Segundo a  Associação Brasileira de Organizações Não Governamentais (Abong), existem hoje cerca de 300 mil em todo país. No combate à pobreza, centenas de entidades atuam em projetos de capacitação, promovem a inclusão produtiva e realizam ações para a melhoria da educação, inserção dos jovens no mercado de trabalho, proteção ao meio ambiente, segurança alimentar, economia solidária, e busca pela sustentabilidade.

Um trabalho que ganhou notoriedade foi o projeto ‘Ação da Cidadania’, criado em 1993 pelo sociólogo Herbert José de Sousa – o Betinho, que ficou conhecido em todo o Brasil pela atenção às pessoas em situação de insegurança alimentar. Betinho, falecido em 1997, tornou famosa a expressão “quem tem fome, tem pressa” e fez dela o fundamento para a ‘Ação da Cidadania’.

O coordenador de Ações Sociais do projeto, João Costa Batista, diz que esse paradigma mudou porque o governo assumiu a questão do combate à fome. “Hoje, o esforço é voltado à capacitação para o trabalho e geração de renda”, define.

Educação

A educação é uma área em que a ação das ONGs é muito presente. A Care Brasil estimula a leitura, a educação ambiental e a geração de trabalho e renda. Para a instituição melhorar os padrões da educação é um forte argumento para a obtenção de emprego.

“Há dez anos atuamos com o papel específico de levar as chamadas tecnologias sociais aos lugares mais remotos ou com grande população de excluídos, para que esses territórios possam enriquecer e melhorar a vida das comunidades”, afirma o diretor-executivo Markus Brose.
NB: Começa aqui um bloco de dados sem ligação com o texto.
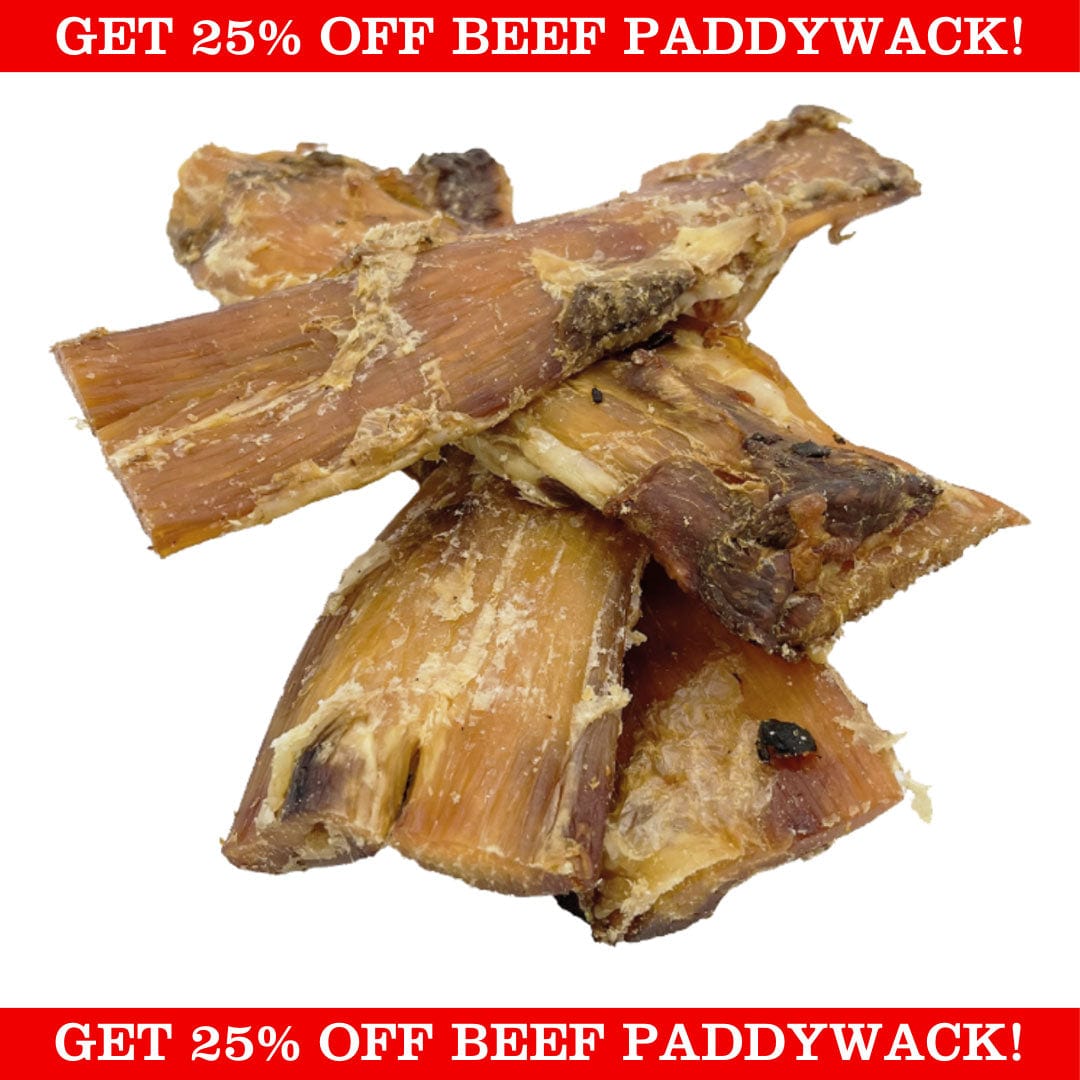 Product Image of Natural Instinct's Beef Paddywack with a "Get 25% off Beed Paddywack!" red banner at the top and bottom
A ONG atua em áreas rurais do Norte, Nordeste e Centro-Oeste (Acre, Bahia, Goiás, Maranhão, Piauí e Tocantins), e na periferia do Rio de Janeiro e de São Paulo.

Solidários

O Centro Nacional de Formação em Economia Solidária é uma iniciativa da Cáritas Brasileira, com apoio da Igreja Católica, presente em cinco regiões do país – Belém (PA), Recife (PE), Goiânia (GO), Belo Horizonte (MG) e São Leopoldo (RS). O centro forma educadores para atuar com a economia solidária, fortalecendo as economias locais e a inclusão social.

Segundo o assessor da Cáritas, Jaime Conrado, a economia solidária é um dos pontos mais importantes para a inclusão social. “Ela se caracteriza pela autogestão, ou seja, pela autonomia de cada unidade ou empreendimento e pela igualdade entre os seus membros”, afirmou. A Cáritas, presente em 165 países, está no Brasil desde 1956 e trabalha, entre outras ações, com catadores de recicláveis – mais de 5,7 mil trabalhadores dessa atividade já foram atendidos.

O desenvolvimento de trabalhos de geração de renda e cidadania é o que mais mobiliza pessoas. Um dos exemplos de sucesso de inclusão produtiva vem dos catadores de materiais recicláveis de Belo Horizonte. Depois do esforço para conquistar o reconhecimento da atividade e a regularização do trabalho, foi criada a Associação dos Catadores de Papelão e Material Reaproveitável (Asmare), que tem hoje 200 catadores regularizados.

A coordenadora de projetos da Asmare, Flávia Gonzaga, explica que o objetivo principal é a geração de emprego e renda para moradores de rua, desempregados, excluídos e mendigos. “Hoje os catadores passaram da situação de assistidos para a condição de trabalhadores. E assim podem sustentar suas famílias sem depender de caridade”, conclui Flávia Gonzaga.